* _Exercise requirements_: Taking the line with "Hotel Rak Jeddah" as the first, copy every line through the end of the records below exactly. Do not include pictures.

* _Information supplied_:

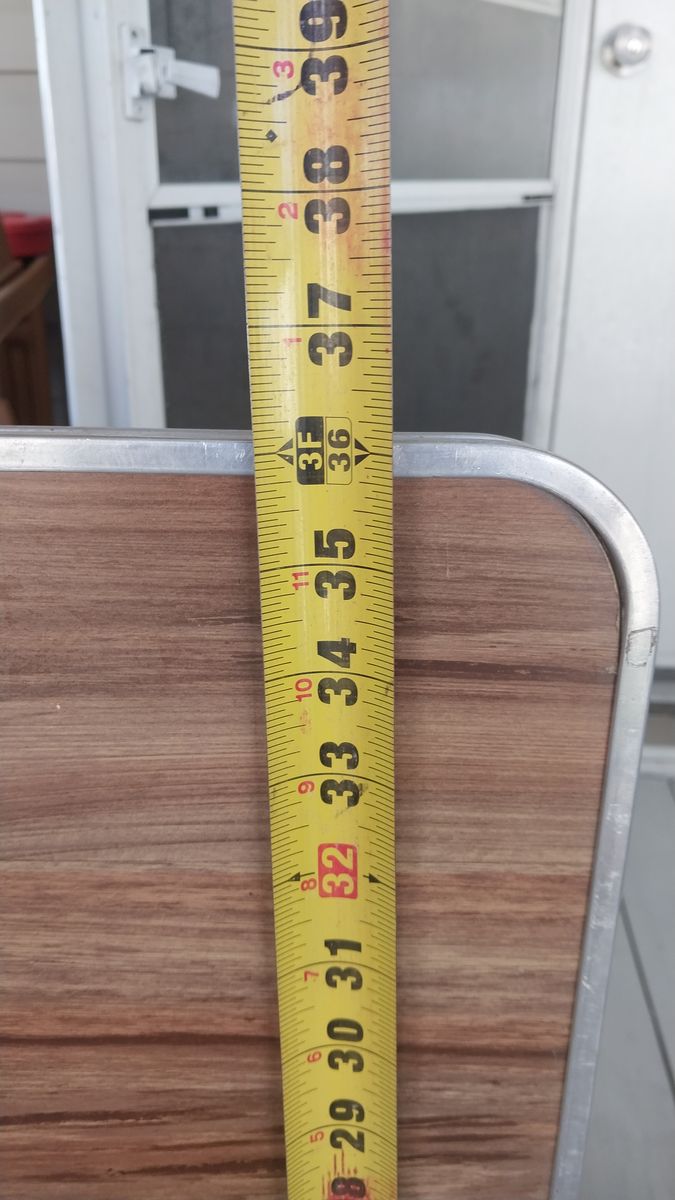 Main image 3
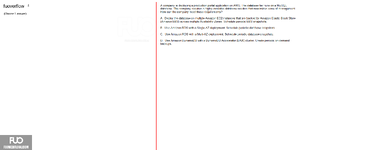 PRC392c_-_FA_2024_-_FE_3139.webp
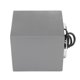 thumbnail image 1 of Rotador automático de relojes alimentador automático de cadena de caja de reloj giratoria para empresas ANGGREK Otros, 1 of 8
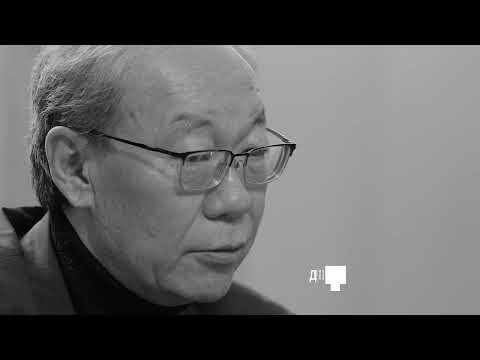 Видео: 1937 оны хэлмэгдүүдэлт ахин давтагдах ёсгүй!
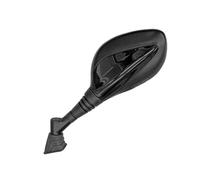 SPECCHIETTO SINISTRO RMS KYMCO X TOWN I ABS EURO5 300 2021 2023 LC2W20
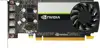 Grafička kartica Lenovo NVIDIA T1000 8GB GDDR6 4x mini DisplayPort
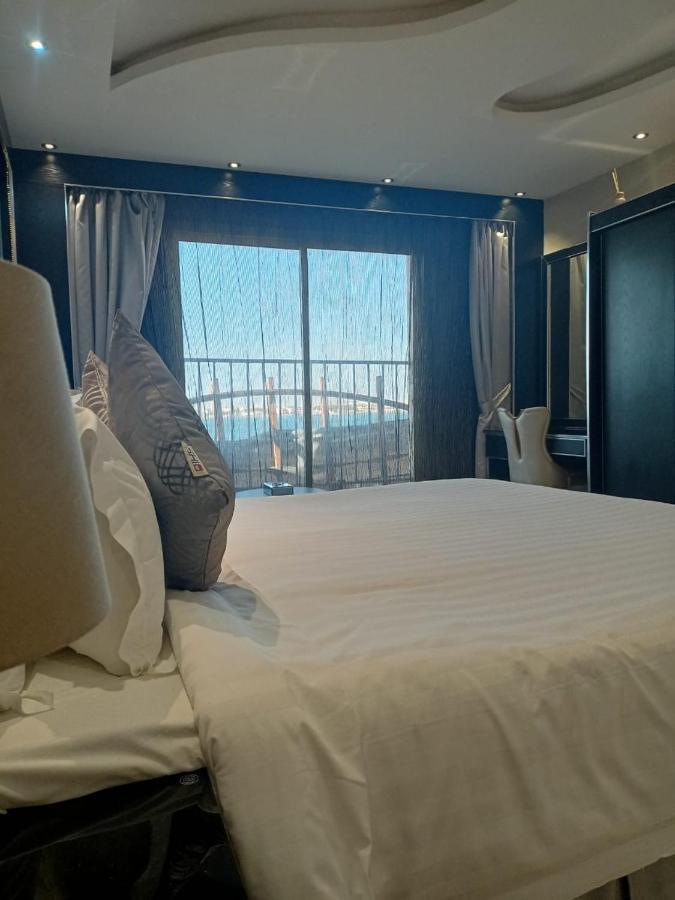 Hotel Rak Jeddah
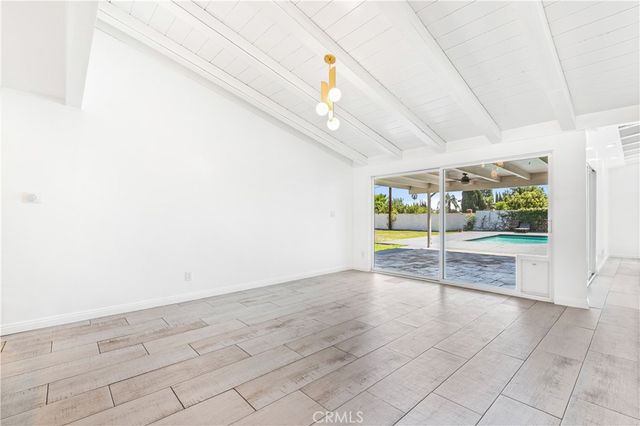 17600 Stare Street, Northridge, CA 91325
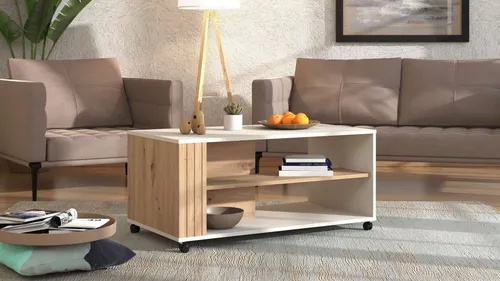 Couchtisch HOME AFFAIRE 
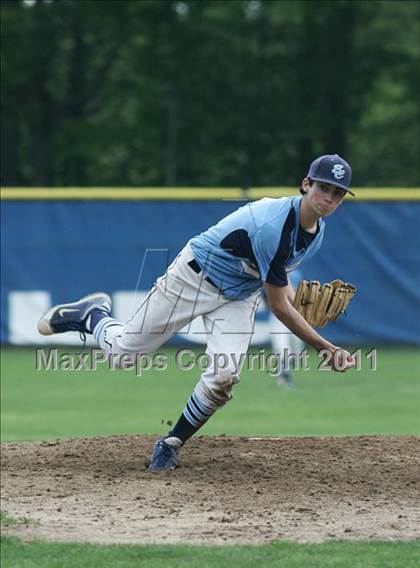 Thumbnail 2 in South Windsor @ East Catholic photogallery.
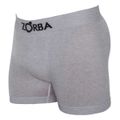 cueca-boxer-zorba-algodao-sem-costura-gg-mescla-2.jpg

* _Finished exercise_:
 Hotel Rak Jeddah
 17600 Stare Street, Northridge, CA 91325
 Couchtisch HOME AFFAIRE 
 Thumbnail 2 in South Windsor @ East Catholic photogallery.
 cueca-boxer-zorba-algodao-sem-costura-gg-mescla-2.jpg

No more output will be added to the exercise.